Union General George Gordon Meade’s headquarters.

We started our visit with a walking tour that took us to Cemetery Ridge, the centre of the Federal position, and learnt a lot – and I mean, A LOT – about artillery from our National Parks ranger-guide, who clearly loves his Civil War artillery, and loves to talk about it. We ended this tour at what is known as the High Water Mark of the Confederacy, where Pickett’s Charge was finally beaten back.

Pickett’s Charge began about a mile from here, beyond those far trees.

At the conclusion of the tour, we had a picnic lunch, in sunny conditions with the temperature a few notches above freezing, then enjoyed a bracing walk to the summit of Big Round Top. This was the extreme left of the Federal lines, the 20th Maine regiment, commanded by Joshua Lawrence Chamberlain, a teacher in Maine before the war. They were involved in a fierce fight on the second day of the battle as Lee tried to flank the Federal lines. It was another close-run event: a brave bayonet charge when out of ammunition by the 20th Maine was enough to drive the Confederate troops off the hill. Although, it could have gone differently.

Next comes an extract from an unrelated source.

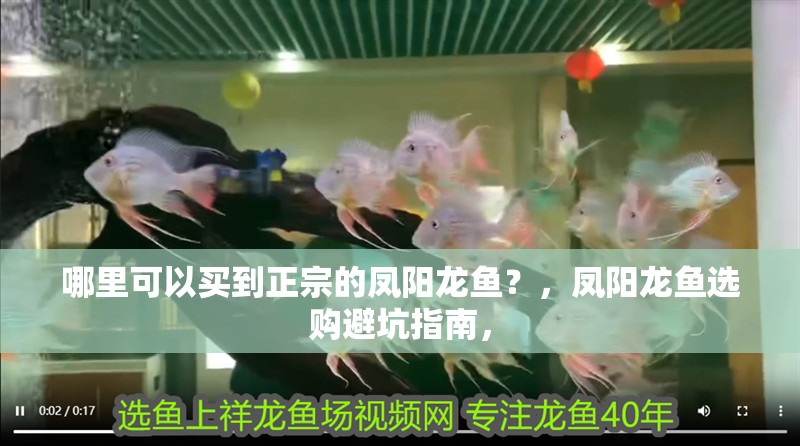 哪里可以買到正宗的鳳陽(yáng)龍魚？，鳳陽(yáng)龍魚選購(gòu)避坑指南，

Of course, we continued our tour of cafes across America, enjoying a caffeine hit at Christie’s Café in downtown Gettysburg. Then we visited a few more monuments – including the impressive Robert E. Lee/Virginia memorial – and climbed the Longstreet Tower (132 steps each way) for a bird’s eye view of the battlefield on our way back to D.C.

Longstreet Tower

Gettysburg is a fascinating but sombre place to visit. You start thinking what a beautiful place it is, with mountains and fields, then realise that so many men were wounded or worse, men from the same country – even though they technically weren’t at the time – in those peaceful fields and up on those heights. It seems like such a horrible waste. As does war anywhere, really.


Although I’m a day late for Australia, I’m going to close by saying that I’m grateful for all who have sacrificed so much for our great country in every conflict Australian troops have been involved in, from the Boer War through current-day operations in the Middle East. Thank you.

A cannon set up looking towards Union lines.

Northbound tomorrow into the great state of New Jersey.